If you’ve spent any time in the world of NERC compliance, you’ve filled out a Reliability Standard Audit Worksheet (RSAW). Maybe even hundreds of them. And if you’re like most compliance pros, you have mixed feelings about RSAWs. A little gratitude, a lot of frustration, and the occasional “why are we still filling these out?” type of thoughts. But the winds are shifting, and RSAWs are slowly being retired across the entire industry. In this article, we’ll explore why RSAWs were originally created, the purpose they served, and why their time is up as utilities are modernizing their NERC Governance, Risk, and Compliance (GRC) programs.
What Are NERC RSAWs?
When RSAWs first entered the NERC compliance scene back in 2011, they were designed with good intentions. The idea was to bring structure, consistency, and clarity to the NERC CIP and NERC O&P audit process.

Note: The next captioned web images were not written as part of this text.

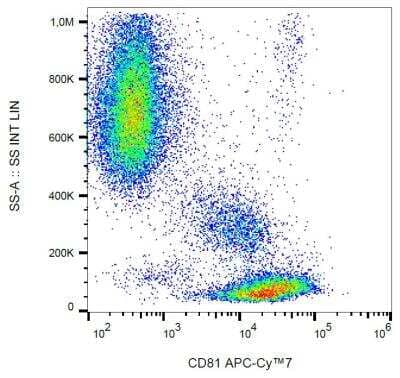 Flow Cytometry: CD81 Antibody (M38) - BSA Free [NBP1-44861]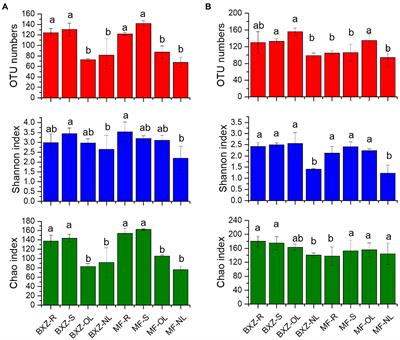 Distribution pattern of endophytic bacteria and fungi in tea plants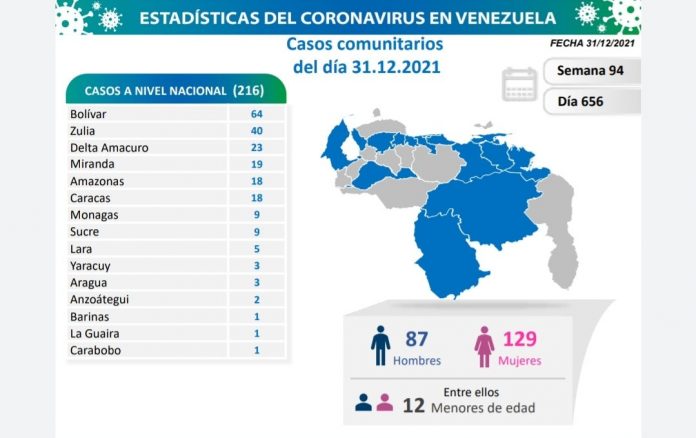 31 diciembre coronavirus-venezuela-696x438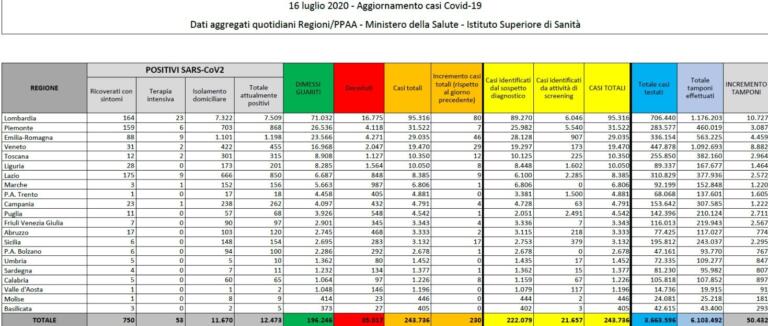 Cosa c’è di positivo e cosa c’è di negativo nei dati sul coronavirus del 16 luglio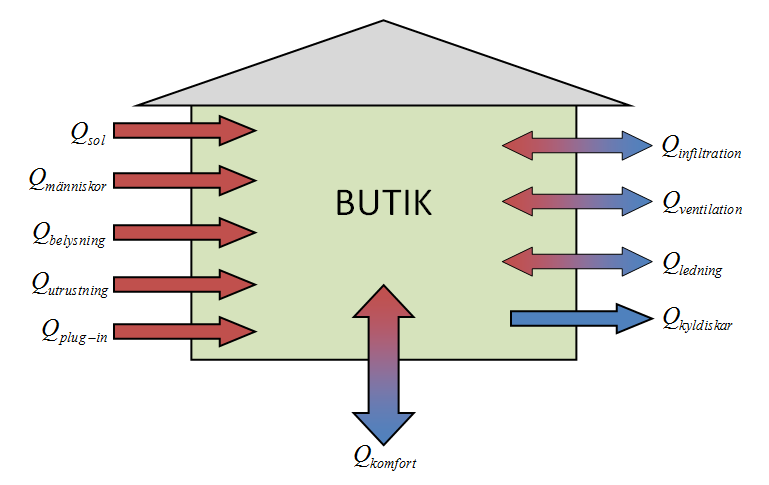 BERÄKNINGSMODELLER Komfortvärme och komfortkyla Komfortvärmen och komfortkylan i butiken beräknas genom en värmebalans över butiken. Balansen illustreras i Figur 10 samt Ekvation 13.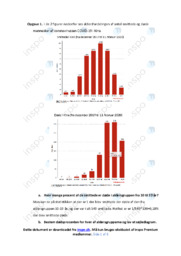 Coronavirus | Noter i matematik | Over 5 sider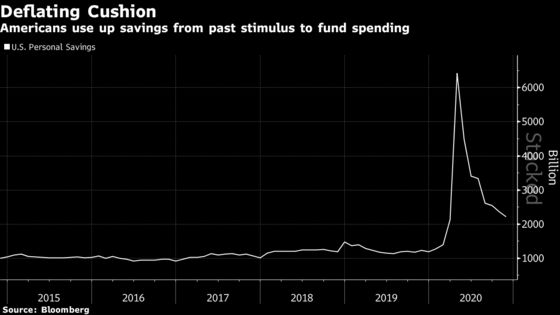 Trump Imperils Virus Bill With Late Demand for Bigger Checks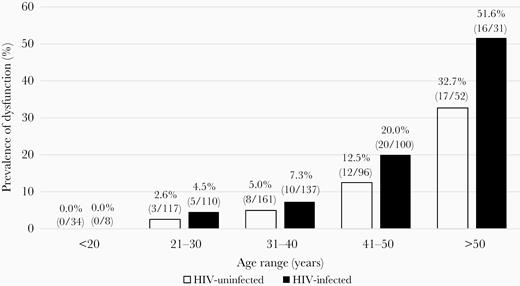 Age-stratified prevalence of diastolic dysfunction in people living with human immunodeficiency virus (HIV) and uninfected study participants. Logistic regression: P = .016 for linear trend across age groups.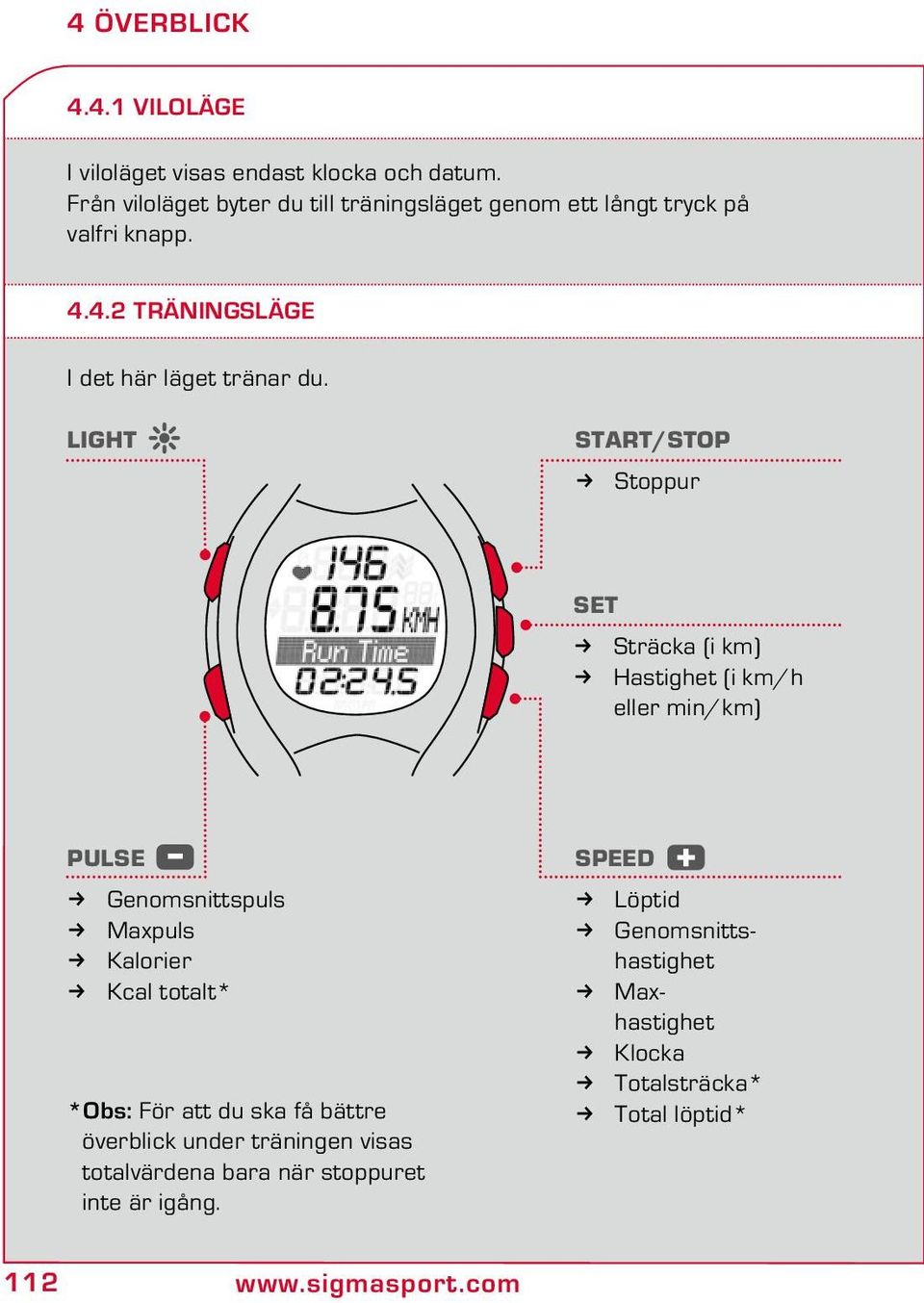 LIGHT START/STOP Stoppur SET Sträcka (i km) Hastighet (i km/h eller min/km) PULSE Genomsnittspuls Maxpuls Kalorier Kcal totalt* *Obs:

Every standard had its own RSAW, which acted as a shared guidebook for both auditors and registered entities.
RSAWs clarified audit expectations by outlining exactly what NERC auditors were looking for, which helped entities prepare the right evidence to demonstrate. They also brought a level of consistency across the Regional Entities. Before RSAWs, one auditor might ask for logs while another asked for process narratives, and that chaos created compliance uncertainty. RSAWs aimed to smooth those differences out.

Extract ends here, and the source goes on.